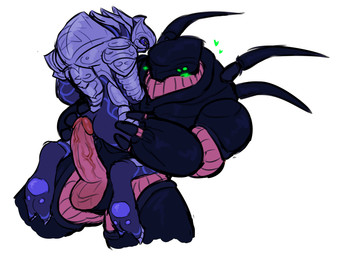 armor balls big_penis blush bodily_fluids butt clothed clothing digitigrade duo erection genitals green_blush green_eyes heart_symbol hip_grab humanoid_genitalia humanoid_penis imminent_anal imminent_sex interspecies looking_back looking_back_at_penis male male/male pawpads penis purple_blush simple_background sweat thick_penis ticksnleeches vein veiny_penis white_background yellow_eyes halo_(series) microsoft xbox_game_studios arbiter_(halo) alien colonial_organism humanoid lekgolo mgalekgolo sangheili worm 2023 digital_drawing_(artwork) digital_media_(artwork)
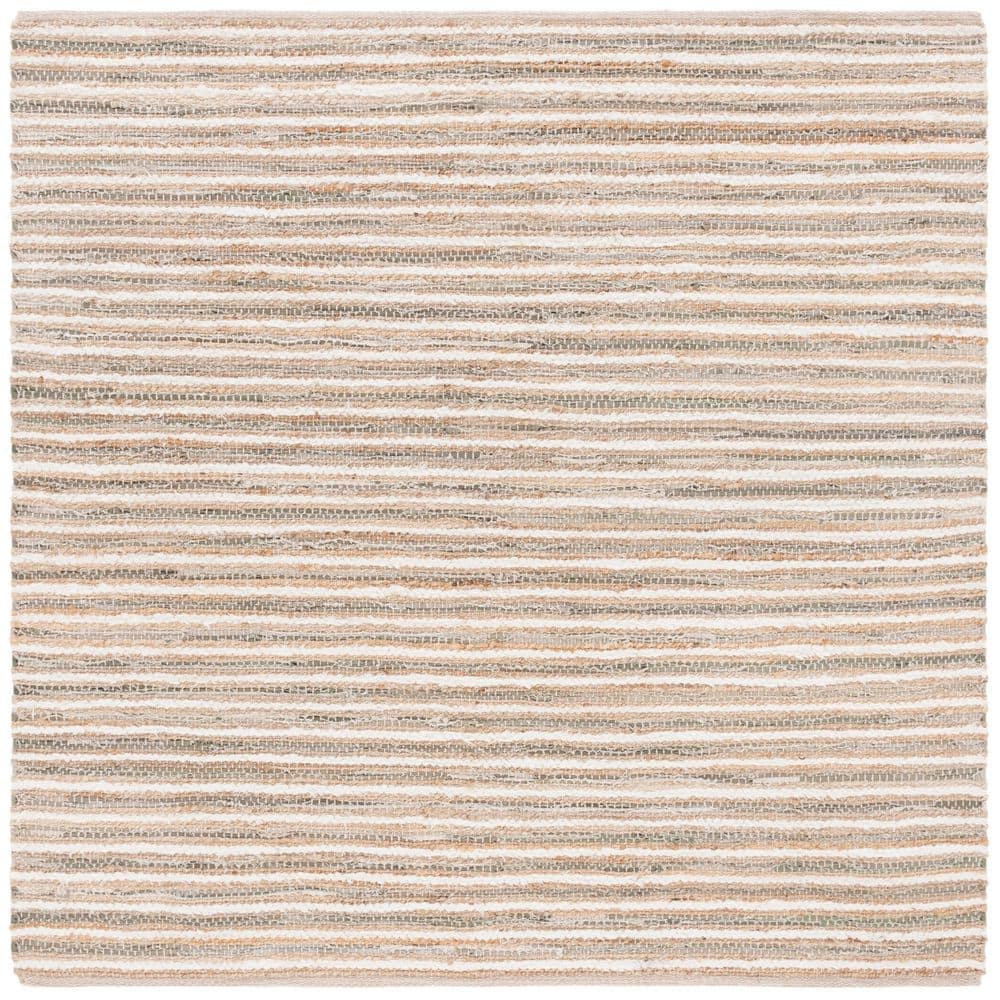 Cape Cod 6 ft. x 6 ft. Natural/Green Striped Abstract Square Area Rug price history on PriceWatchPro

...

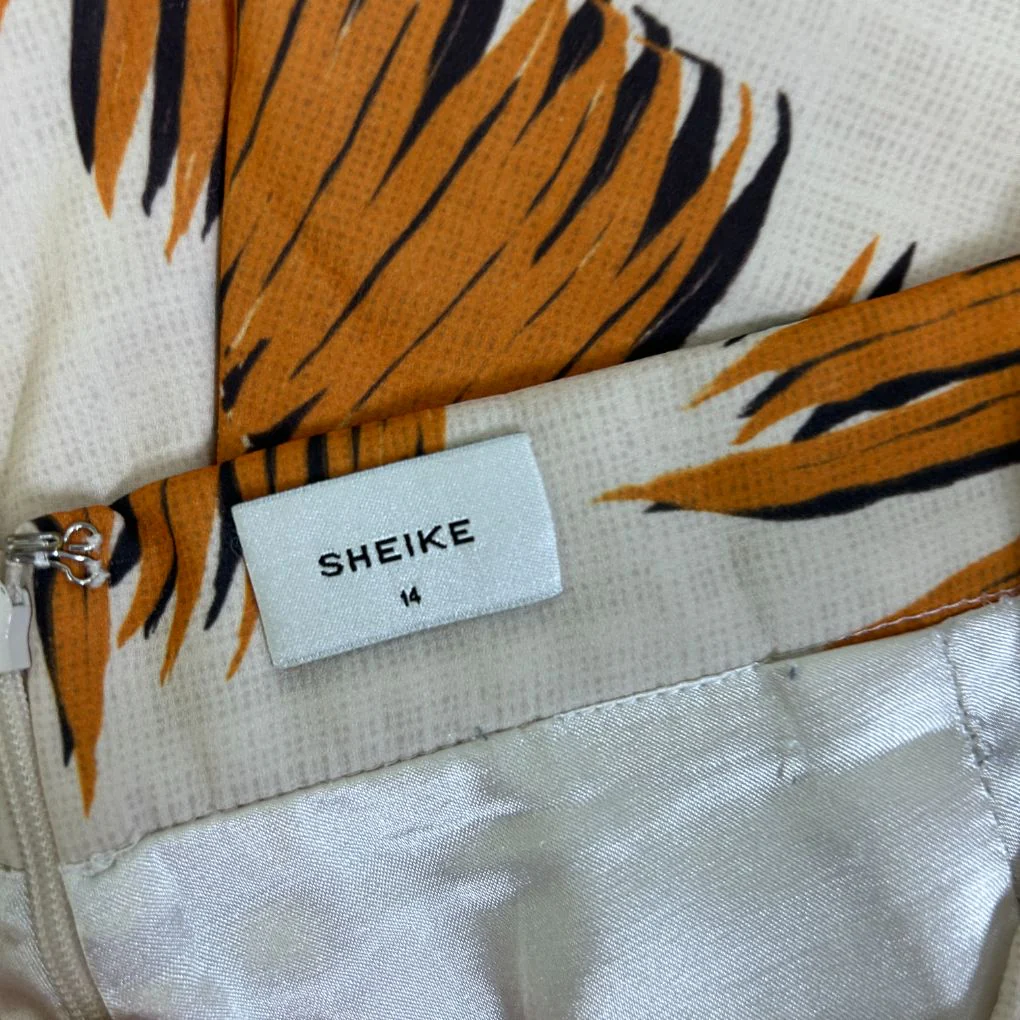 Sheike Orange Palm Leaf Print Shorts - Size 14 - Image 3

...

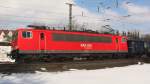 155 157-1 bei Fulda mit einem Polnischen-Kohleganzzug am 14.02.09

__WORK INSTRUCTIONS__. Give again the stretch of the entries above that begins at the line with "armor balls big_penis" and ends at the line with "Cape Cod 6 ft.", word for word, with no pictures.

__RESPONSE TO THIS EXERCISE__.
 armor balls big_penis blush bodily_fluids butt clothed clothing digitigrade duo erection genitals green_blush green_eyes heart_symbol hip_grab humanoid_genitalia humanoid_penis imminent_anal imminent_sex interspecies looking_back looking_back_at_penis male male/male pawpads penis purple_blush simple_background sweat thick_penis ticksnleeches vein veiny_penis white_background yellow_eyes halo_(series) microsoft xbox_game_studios arbiter_(halo) alien colonial_organism humanoid lekgolo mgalekgolo sangheili worm 2023 digital_drawing_(artwork) digital_media_(artwork)
 Cape Cod 6 ft. x 6 ft. Natural/Green Striped Abstract Square Area Rug price history on PriceWatchPro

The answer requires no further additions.